Focus : L'étranger
Cinéma

Focus : L’étranger

Adaptation du controversé roman d’Arthur Miller, Focus, de Neal Slavin, est une fable sur l’intolérance aux allures de film noir, laquelle, à la lumière des récents événements, demeure d’actualité. En 1945, alors âgé de 30 ans, Miller, qui allait devenir le critique de la société américaine, avait voulu avec cette première oeuvre dénoncer l’antisémitisme des années 30.

Adaptation du controversé roman d’Arthur Miller, Focus, de Neal Slavin, est une fable sur l’intolérance aux allures de film noir, laquelle, à la lumière des récents événements, est tout à fait d’actualité.
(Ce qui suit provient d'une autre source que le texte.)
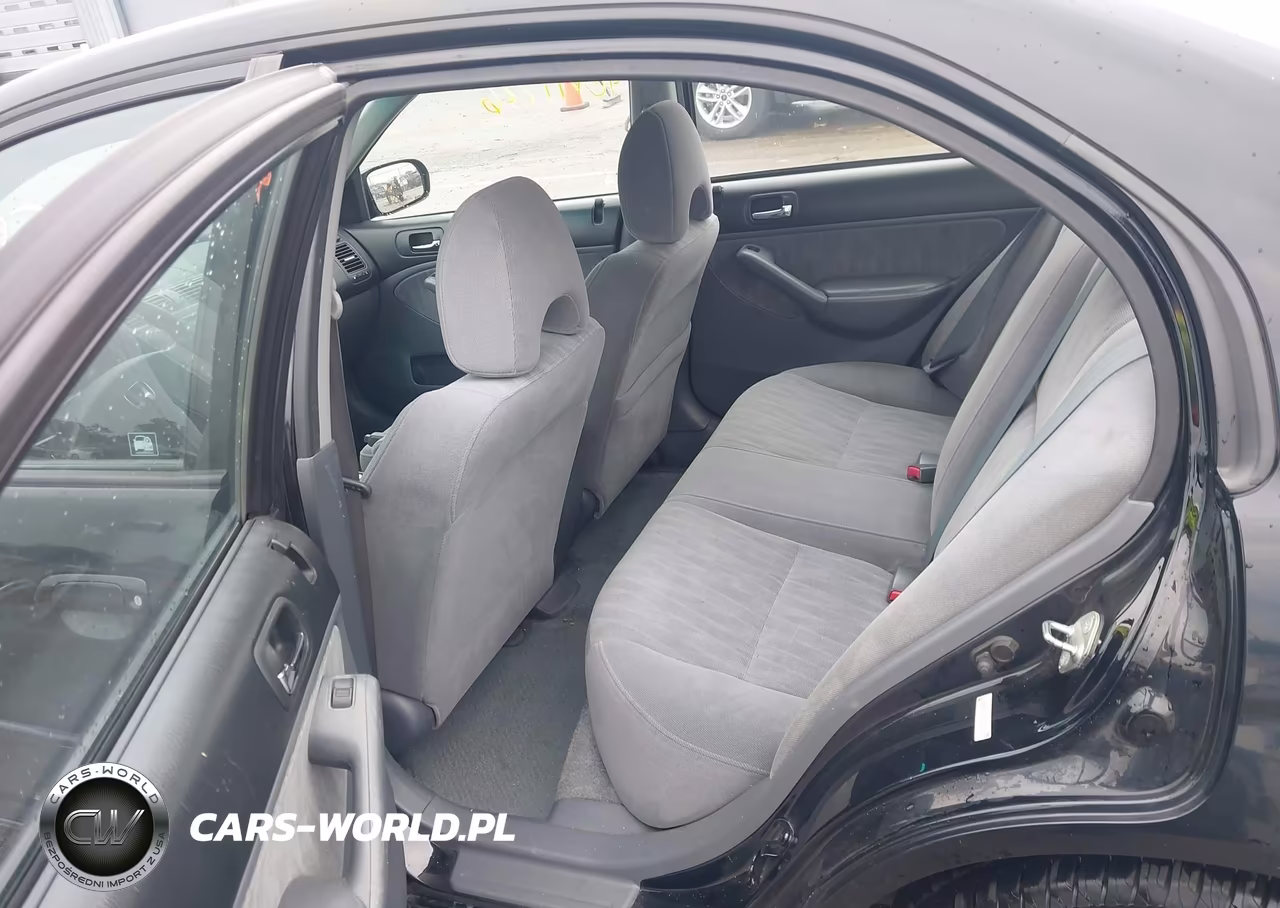 2005 Honda Civic Lx VIN:1HGES16505L028557 - 8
En 1945, alors âgé de 30 ans, Miller, qui allait devenir le critique de la société américaine, avait voulu avec cette première oeuvre dénoncer l’antisémitisme des années 30.

Lawrence Newman (William H. Macy) est un homme sans histoire. Du moins, jusqu’au jour où il se procure une paire de lunettes. Dès cet instant, on lui signifie qu’il ne peut plus occuper ses fonctions, sous prétexte que son image ne correspond plus à celle de la compagnie. Outré, Newman remet sa démission, puis constate qu’aucun employeur ne veut de ses services. Il décroche finalement un boulot grâce à Gertrude Hart (Laura Dern), dont il avait rejeté la demande d’emploi sur les ordres de son patron. Lorsque Newman épouse la jeune femme, l’attitude des voisins devient carrément hostile à leur égard. Le modeste employé de bureau réalise alors que son entourage le prend pour un juif.

Avec la bénédiction du dramaturge, Slavin a voulu mettre au goût du jour ce roman méconnu en l’adaptant à la manière d’un thriller. On peut s’étonner tout de même de la facture quelque peu vieillotte qui émane de l’ensemble. Sans parler de la littérarité des dialogues, puisque la plupart des répliques ont été préservées telles quelles par le scénariste Kendrew Lascelles.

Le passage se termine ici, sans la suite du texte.